Sahy (Саги) is a small village in the Kherson Raion of the Kherson Oblast in Ukraine with a pre-war population of 770.

It has an area of 4 km2. Sahy is located around 8.5 miles (13.6 km) south-east of the city of Kherson.

The village's time-zone is UTC+2 (UTC+3 in the summer), which is standard across Ukraine except for the separatist Donetsk and Luhansk People's Republics, which observe Moscow Standard time (UTC+3).

== History ==
The village was founded sometime in the second half of the nineteenth century by people from Penza and Kaluga, along with some from the Right-bank Ukraine and modern Moldova. The Soviet Union took over the village in January 1918. Later, during the Great Patriotic War, the village was occupied by German troops from 11 September 1941 to 4 November 1943.
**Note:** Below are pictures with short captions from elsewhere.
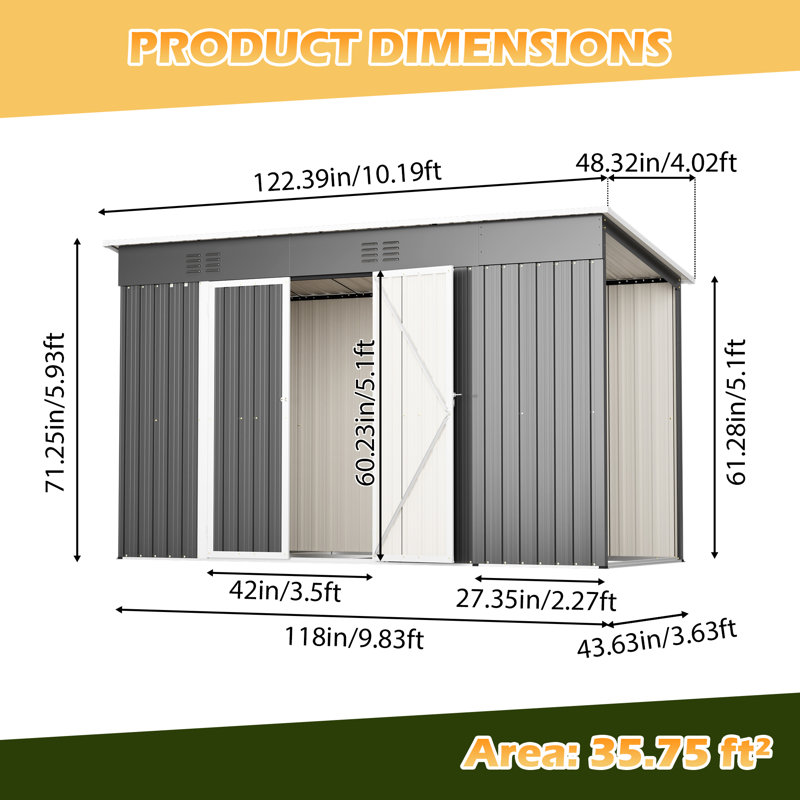10 FT x 4 FT Rectangular Metal Storage Shed with Aluminum Frame, Grey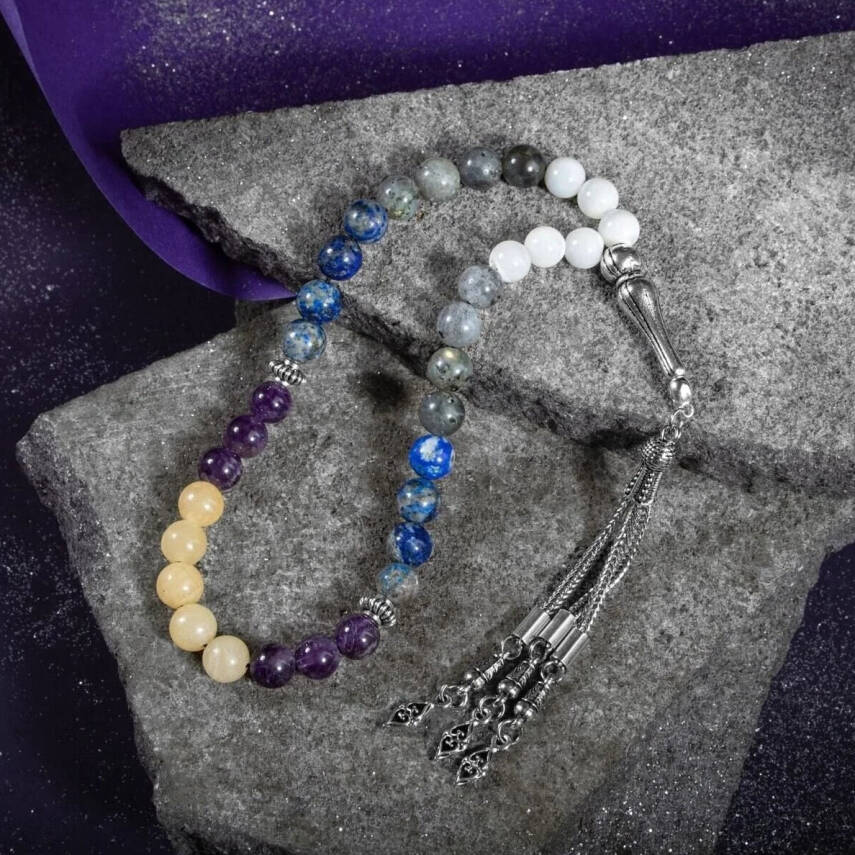 Yay Burcu Tesbih Ametist, Kalsit, Labradorit, Lapis Lazuli, Sedef - 3
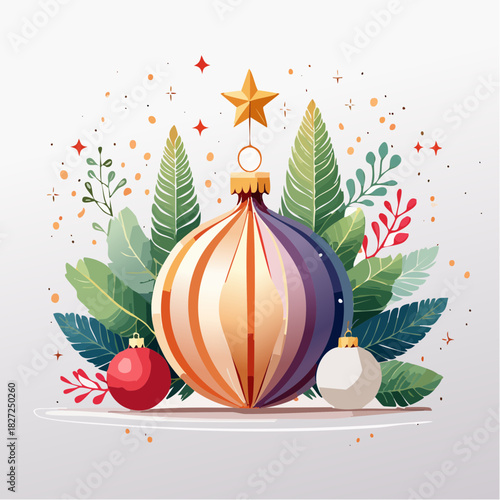 Festive Christmas Ornaments Adorned with Greenery and a Star for Holiday Celebrations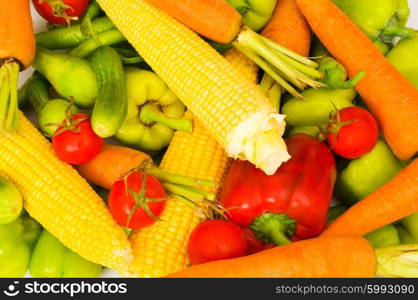 Various vegetables isolated on the white background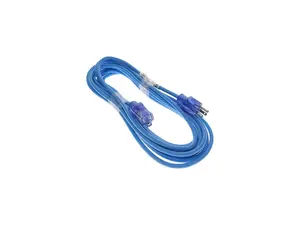 Nippon Labs 25Ft 14/3 SJTW Blue Power Extension Cord Lighted Clear Blue Plug, Water Resistant Outdoor Rated Power Extension Cable, 60POW-EXT-25BU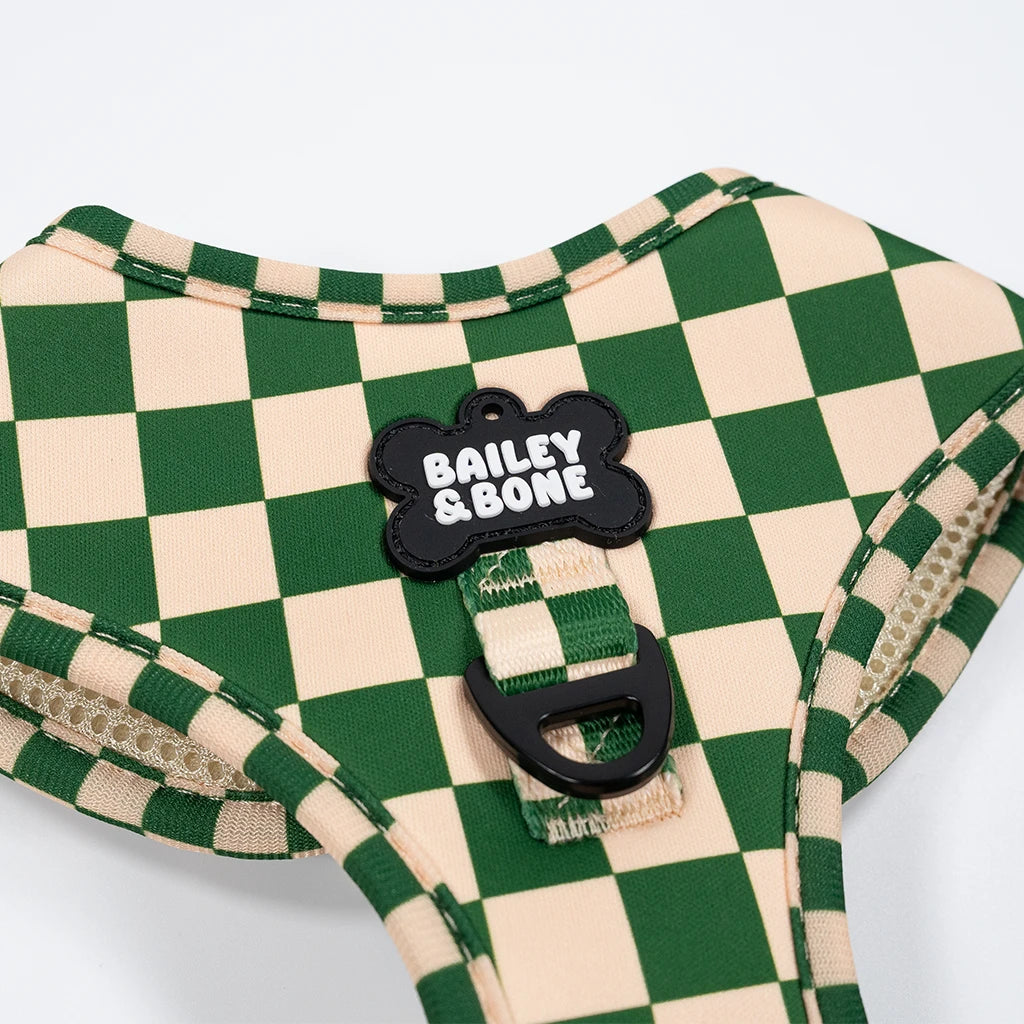 Green And Beige Checkers Dog Harness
The village is currently occupied by Russian forces, due to the 2022 Russian invasion of Ukraine. Due to the Destruction of the Kakhovka Dam on June 6, 2023, the village was temporarily flooded.

== Demographics ==
According to the 2001 Ukrainian Census, the only official census taken in post-independence Ukraine, the population of the village was 804 people. Of the people residing in the village, their mother tongue is as follows:

| Language | Percentage of Population |
|---|---|
| Ukrainian | 91.92% |
| Russian | 6.72% |
| Armenian | 1.00% |
| Polish | 0.24% |
| Romanian | 0.06% |
| Other | 0.06% |

== Monuments ==
There is a monument to the Hero of the Soviet Union, Ivan Ivanovich Boyko, located in the village. He was awarded the title for his fighting against the Nazis during World War II, and was born in the village.